Job: CEO and Founder, Former CEO
Notes: CEO and Founder of Apeture Science, Mr. Scar Goodtimes raised this company from the ground. From making shower curtains to our new scientific advances, he has led our company to prosperity.
More writing under the cut!
Statement from Mr. Goodtimes: "Hello, all you investors and test subjects, Scar Goodtimes here, CEO and founder of Apeture Science. You might be wondering, "Scar, what possessed you to buy hundreds of dollars of moon rocks?" And the answer would be: Science! Just some good, ol' fashioned Science. Cleo, tell the Lab Boys to see if ground up moon rocks can do any Science."
Additional Note: We're not sure how Mr.
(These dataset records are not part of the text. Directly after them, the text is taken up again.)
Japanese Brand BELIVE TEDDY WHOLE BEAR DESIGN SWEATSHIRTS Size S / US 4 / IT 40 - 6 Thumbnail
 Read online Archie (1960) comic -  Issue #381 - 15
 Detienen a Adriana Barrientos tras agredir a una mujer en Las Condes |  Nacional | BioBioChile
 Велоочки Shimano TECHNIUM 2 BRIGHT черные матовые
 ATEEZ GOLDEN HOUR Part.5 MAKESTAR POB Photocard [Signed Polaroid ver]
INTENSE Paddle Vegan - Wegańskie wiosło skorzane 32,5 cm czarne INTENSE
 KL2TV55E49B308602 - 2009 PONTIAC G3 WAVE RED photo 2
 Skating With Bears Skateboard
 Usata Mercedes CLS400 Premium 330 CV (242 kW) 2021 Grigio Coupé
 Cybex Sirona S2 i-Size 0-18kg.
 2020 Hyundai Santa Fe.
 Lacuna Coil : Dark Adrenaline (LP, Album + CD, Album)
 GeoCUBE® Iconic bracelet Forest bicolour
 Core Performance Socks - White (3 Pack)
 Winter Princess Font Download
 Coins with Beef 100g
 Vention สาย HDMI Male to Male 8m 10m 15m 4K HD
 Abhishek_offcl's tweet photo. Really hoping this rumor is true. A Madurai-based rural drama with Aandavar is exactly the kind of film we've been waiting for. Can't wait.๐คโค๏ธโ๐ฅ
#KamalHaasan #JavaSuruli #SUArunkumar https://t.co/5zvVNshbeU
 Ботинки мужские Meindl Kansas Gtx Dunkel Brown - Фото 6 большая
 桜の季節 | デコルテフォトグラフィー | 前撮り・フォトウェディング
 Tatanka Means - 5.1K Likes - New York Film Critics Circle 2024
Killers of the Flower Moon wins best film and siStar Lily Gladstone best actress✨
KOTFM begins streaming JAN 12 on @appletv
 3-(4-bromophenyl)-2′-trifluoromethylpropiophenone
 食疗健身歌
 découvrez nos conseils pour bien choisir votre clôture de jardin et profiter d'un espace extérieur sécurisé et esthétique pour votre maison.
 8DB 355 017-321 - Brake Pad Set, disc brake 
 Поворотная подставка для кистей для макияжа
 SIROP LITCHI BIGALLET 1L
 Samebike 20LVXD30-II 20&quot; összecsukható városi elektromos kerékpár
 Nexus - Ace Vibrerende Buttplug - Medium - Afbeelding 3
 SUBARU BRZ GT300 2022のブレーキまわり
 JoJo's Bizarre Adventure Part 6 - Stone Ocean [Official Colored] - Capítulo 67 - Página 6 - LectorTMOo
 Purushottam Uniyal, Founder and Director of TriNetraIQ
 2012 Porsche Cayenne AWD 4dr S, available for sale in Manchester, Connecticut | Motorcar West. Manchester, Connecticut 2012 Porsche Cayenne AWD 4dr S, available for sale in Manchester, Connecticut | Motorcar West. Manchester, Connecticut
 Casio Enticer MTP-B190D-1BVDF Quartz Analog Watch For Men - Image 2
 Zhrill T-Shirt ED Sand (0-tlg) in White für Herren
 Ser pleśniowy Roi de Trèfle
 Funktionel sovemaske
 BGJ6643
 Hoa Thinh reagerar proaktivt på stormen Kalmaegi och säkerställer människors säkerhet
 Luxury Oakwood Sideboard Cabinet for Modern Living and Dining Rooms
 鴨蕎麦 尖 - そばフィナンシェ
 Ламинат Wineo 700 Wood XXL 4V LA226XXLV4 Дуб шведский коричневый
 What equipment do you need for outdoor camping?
Goodtimes came into possession of billions of dollars, considering he spends them all almost as soon as he gets them. The stock ratings are awful, and had it not been for Mr. Goodtimes' fortune, Apeture would have been bankrupt within its first two months.
Note from Mr. Goodtimes: "You know what I think will help achieve our aim of a big, beautiful tomorrow? AI. Artificial Intelligence. Cleo, can you get the Lab Boys working on that? Thank you. You see, I want to try and put myself into a computer! Wouldn't that just be great? Then I can get to see that great big, beautiful tomorrow. So, I'm getting the Lab Boys to work on that now! Say... That diamond looking moon rock looks suspiciously tasty..."
Additional Note 2: Mr. Goodtimes has begun eating the moon rocks. We hope this has no health concerns.
Additional Note 3: There were, in fact, health concerns. While we cannot get a direct statement from Mr. Goodtimes at this moment, he has stated that he wants Miss Cleo Zombie to "run this place" in the event of his premature death, and that the "Lab Boys" should "Stick her in <his> computer" if needs be.
Additional Note 4: It is with a heavy heart we report the death of Mr. Scar Goodtimes. As his tragic death occurred before the completion of the "GLaDOS Project", Miss Cleo Zombie will take Mr. Goodtimes' place as CEO of Aperture.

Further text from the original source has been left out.